Siempre habíamos tenido disposiciones distintas, pero a través de los años habíamos sido capaces de trascenderlas. Sin embargo, allí en Cuba, a veces, ante la angustia que sufría mi amigo, yo era incapaz de empatizar, de compartir su pena, su sentimiento de culpa, su arrepentimiento. Yo también estaba preocupado. Después de todo, mi familia y muchos amigos estaban allá y no había escuchado de ellos desde el embate. También me dolía la isla y hondo. Sin embargo, si toda mi vida se me ha hecho muy fácil distanciarme del presente, los ocho años fuera de la isla me han hecho un experto en el desapego. Para bien o para mal, compartimenté ese pedazo archipelágico de mí, y lo aislé de mi mente. Al mismo tiempo, como por reflejo y en contra de mi voluntad, me vi desplegando esa capacidad de alejamiento de quien era —¿o fue?— mi mejor amigo. Es cierto que intentaba hacer sentir mejor a Juanluis, que le decía las cosas que creo que debí decir, pero por alguna razón sentía como si no fuera capaz de sintonizar sus penas, como si todas mis palabras fueran cortesía.
Vinimos a Cuba para estar más cerca y resultó que, de repente, debido a la brutal contingencia de un fenómeno atmosférico, nos hallábamos más lejos que nunca. La verdad era que por más que entendiera su situación y la de nuestra isla, la certeza de que tras salir de La Habana yo regresaría a mi casa sin ningún problema y de que allí encontraría a mi esposa a salvo y todas mis comodidades terminaba minando, a mi pesar, cualquier empatía, como si solidarizarme radicalmente con el otro —incluyendo al otro querido— me fuese imposible. A él, sin embargo, le esperaban dos semanas de inestabilidad, y luego quién sabe cuántos meses de incertidumbre, de verse en un país imposible de reconocer, y en el que a penas se puede sobrevivir.

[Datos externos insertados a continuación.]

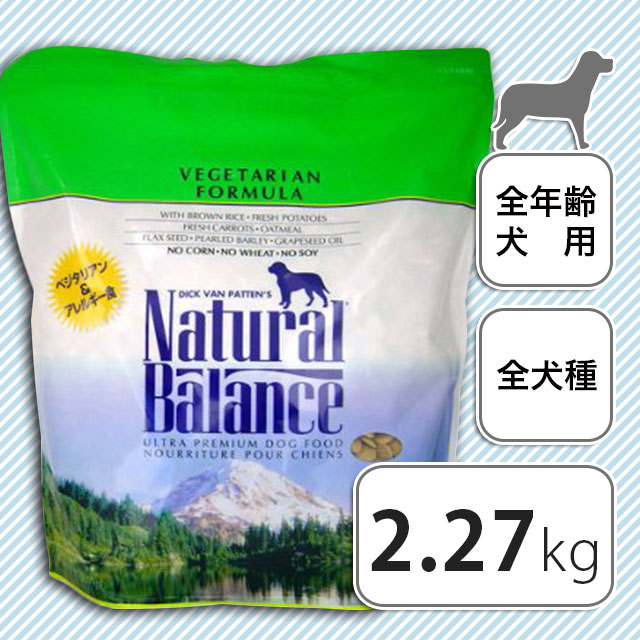 Natural Balance ナチュラルバランス ドッグフード ベジタリアン 2 27kg Qoonqoon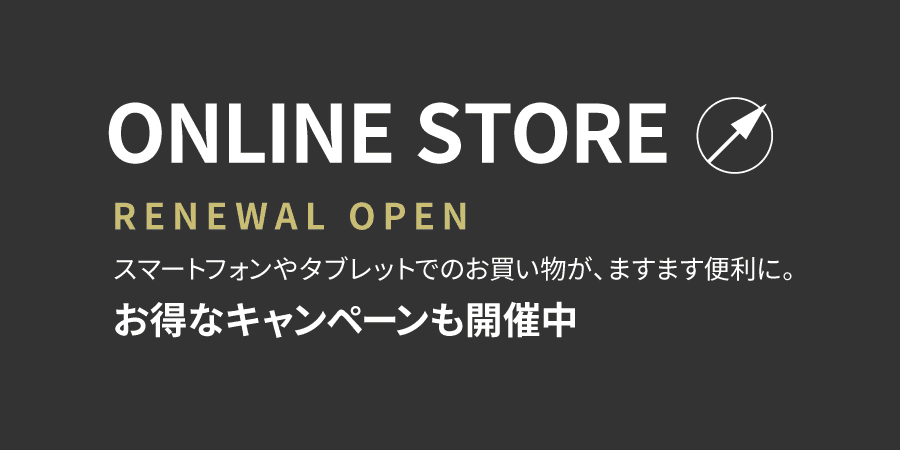 公式オンラインストアリニューアルキャンペーン イメージ画像
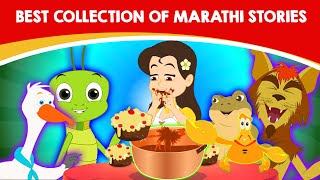 Best Collection Of Marathi Stories - Marathi Story 2021 | Chan Chan Goshti | Marathi Fairy Tales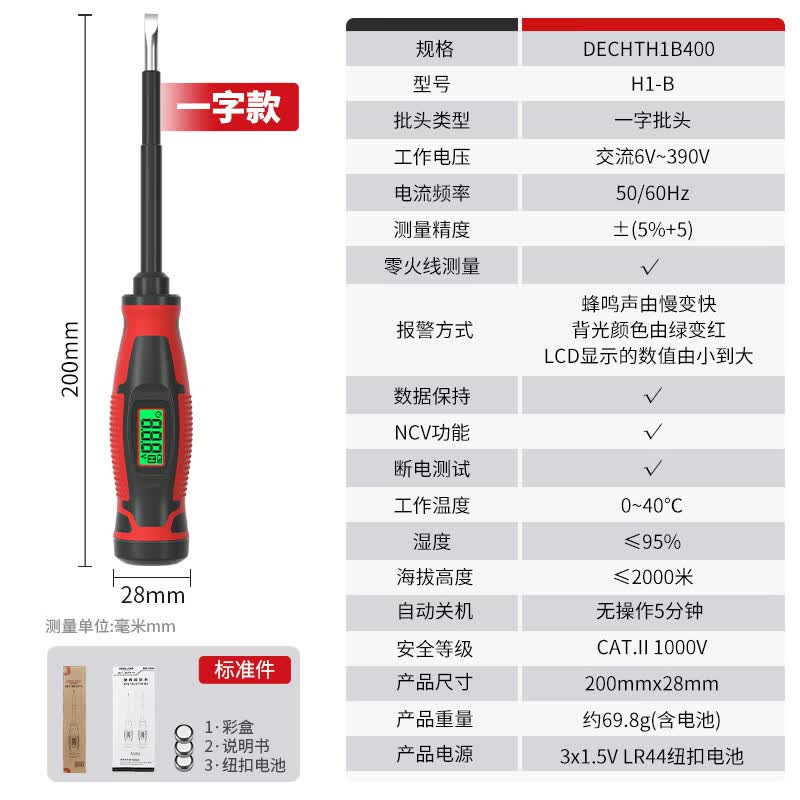 德力西电气螺丝刀测电笔高扭力数显NCV非接触式 零火线检测验电笔 H1-B 一字螺丝刀测电笔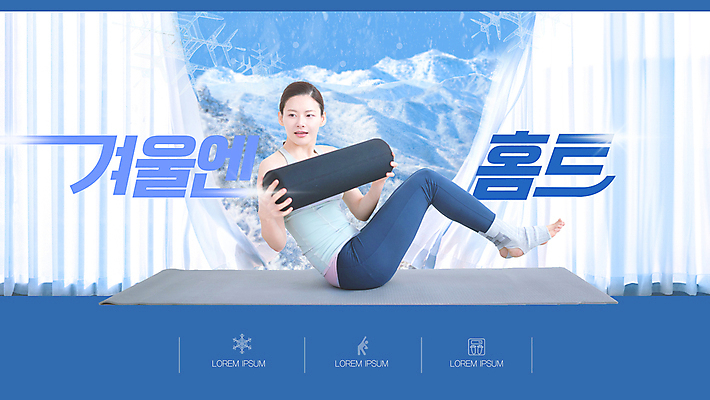 전신 PSD 편집이미지 여자 겨울 눈꽃 한명 들기 성인 타이포그라피 30대 파란색 건강관리 한국인 요가자세 커튼 폼롤러 필라테스 성인여자한명만 코어운동 홈트레이닝 버티다 이미지편집 문자 1 계절 컬러 포즈 요가 모션 눈_날씨 건강 관리 사람 동양인 장년 운동 여자한명만 성인여자만 파일형식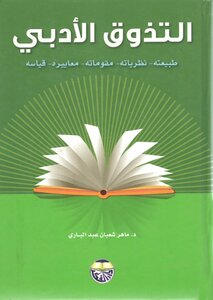 لأول مرة: التذوق الأدبي ( طبيعته، نظرياته، مقوماته، معاييره، قياسه) د.ماهر عبد الباري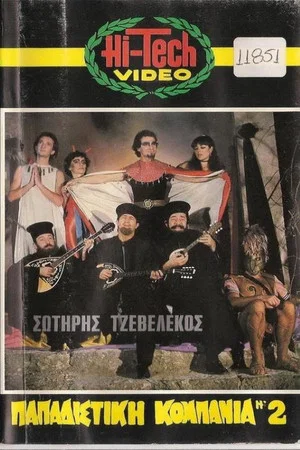Постер: Priest scam No. 2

Cuando comencé a escribir esta crónica, a un mes del huracán, no mucho había cambiado en la isla, con excepción de que el impulso inicial de supervivencia y solidaridad que llevó a la gente a ayudarse y a reconstruir ante la ausencia y el colapso del gobierno comenzaba a darle paso a la angustia y al cinismo. Juanluis y yo nos escribíamos a diario, pero con cada mensaje intercambiado y cada día que pasaba, tenía menos verdades que responderle. Expresaba mi apoyo, mi simpatía, mi ira ante la ineficiencia gubernamental, claro. Pero ya, de tanto repetirlas, mis respuestas comenzaban a sonar, hasta para mí, a relleno. Poco a poco se afianzó la realidad de que no tenía la menor idea de cómo se vivía en esa isla, cada vez más lejana.
Una de las últimas noches en La Habana, Juanluis y yo regresamos tarde al cuarto que compartíamos y cada uno se acostó en su cama en silencio. Creo que los dos nos hicimos los dormidos, para no tener que hablar. Estoy casi seguro de que fue en ese momento que me levanté, fui al baño con mi cuaderno, encendí la luz, y anoté que quizás era eso la amistad, ese creer ciegamente que se puede sobrevivir al juego de distancias y hacer todo lo posible por lograrlo. O, quizás, es eso y algo más, es intentar ganar ese juego sabiendo que, tarde o temprano, es imposible hacerlo.